### What you have to do
Transcribe, word for word and without additions, each line below from the one containing "De Kamervoorzitters legden" through the one containing "want to end", both ends included.

### Material supplied
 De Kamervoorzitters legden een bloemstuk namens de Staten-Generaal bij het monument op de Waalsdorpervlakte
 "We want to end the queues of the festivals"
...
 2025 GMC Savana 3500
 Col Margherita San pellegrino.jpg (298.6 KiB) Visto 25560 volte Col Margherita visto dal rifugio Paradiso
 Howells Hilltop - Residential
...
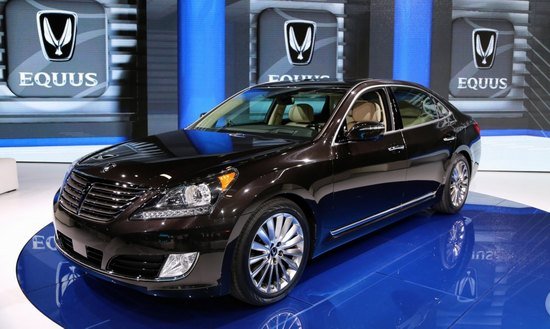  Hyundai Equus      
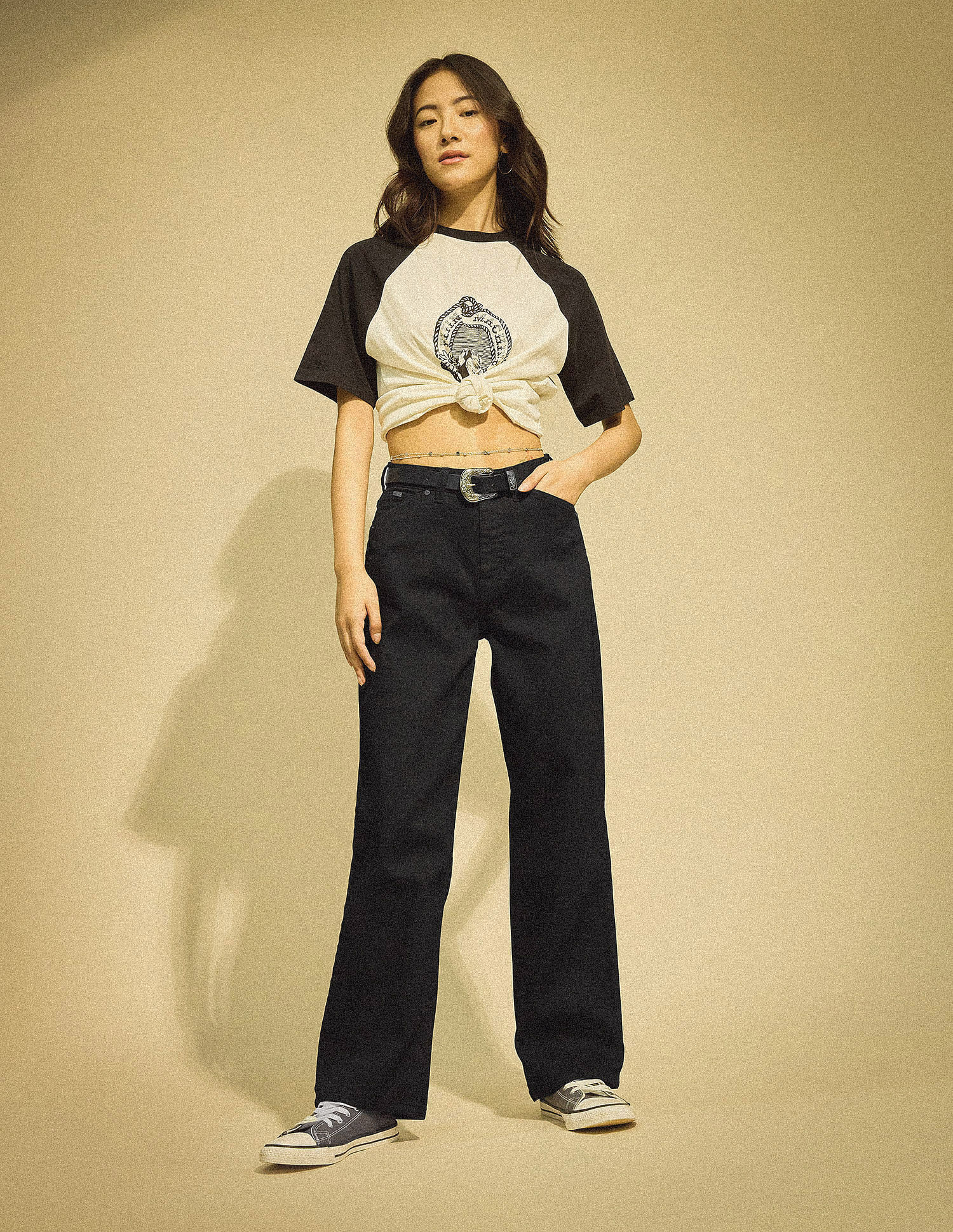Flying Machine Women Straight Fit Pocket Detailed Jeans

### Solution for this exercise
 De Kamervoorzitters legden een bloemstuk namens de Staten-Generaal bij het monument op de Waalsdorpervlakte
 "We want to end the queues of the festivals"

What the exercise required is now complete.